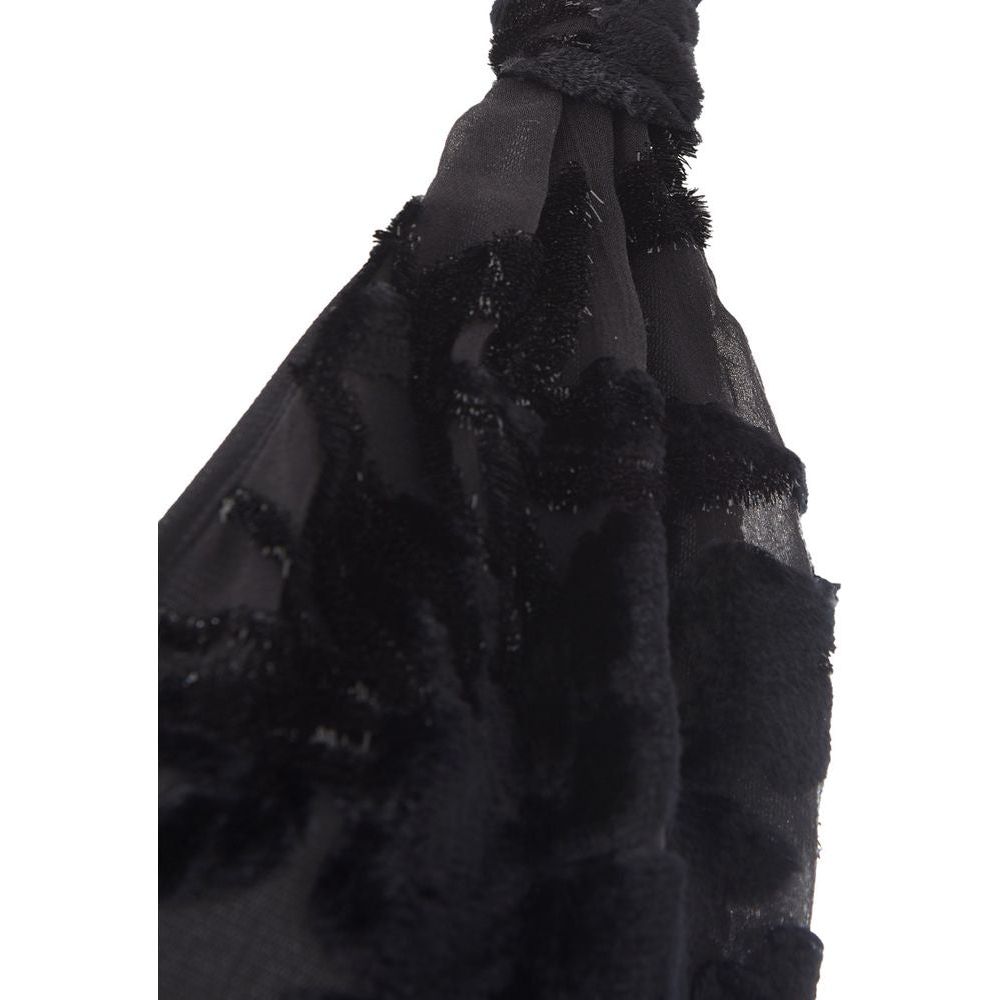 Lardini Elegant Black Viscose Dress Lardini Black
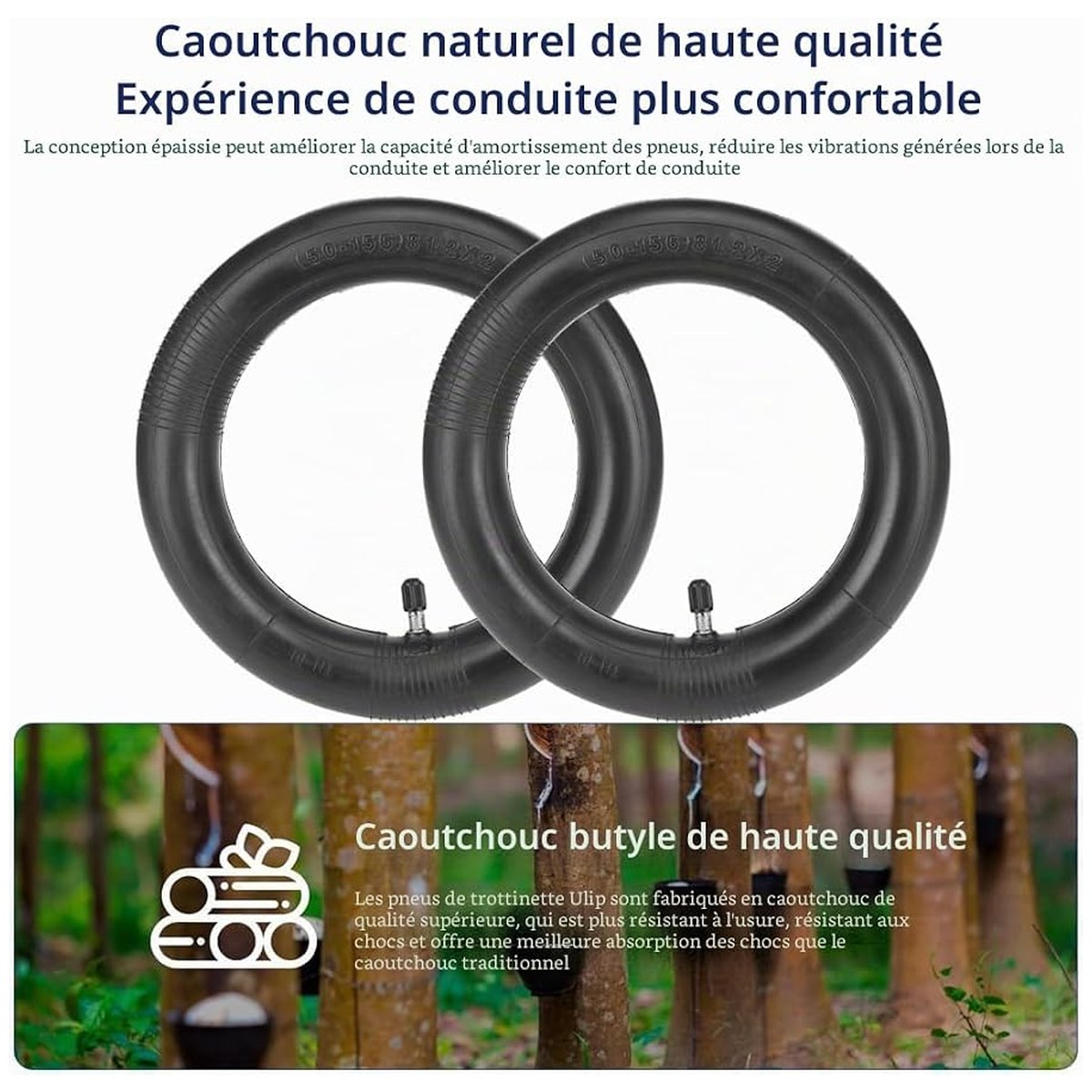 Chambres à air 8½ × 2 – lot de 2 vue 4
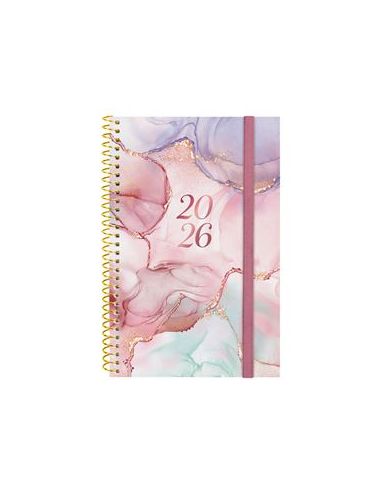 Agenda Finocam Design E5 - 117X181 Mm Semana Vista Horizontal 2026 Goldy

•••••

» BRIEF: Everything above should be given again exactly, apart from the pictures.

» OUTPUT OF THE EXERCISE:
 Lardini Elegant Black Viscose Dress Lardini Black
 Chambres à air 8½ × 2 – lot de 2 vue 4
 Agenda Finocam Design E5 - 117X181 Mm Semana Vista Horizontal 2026 Goldy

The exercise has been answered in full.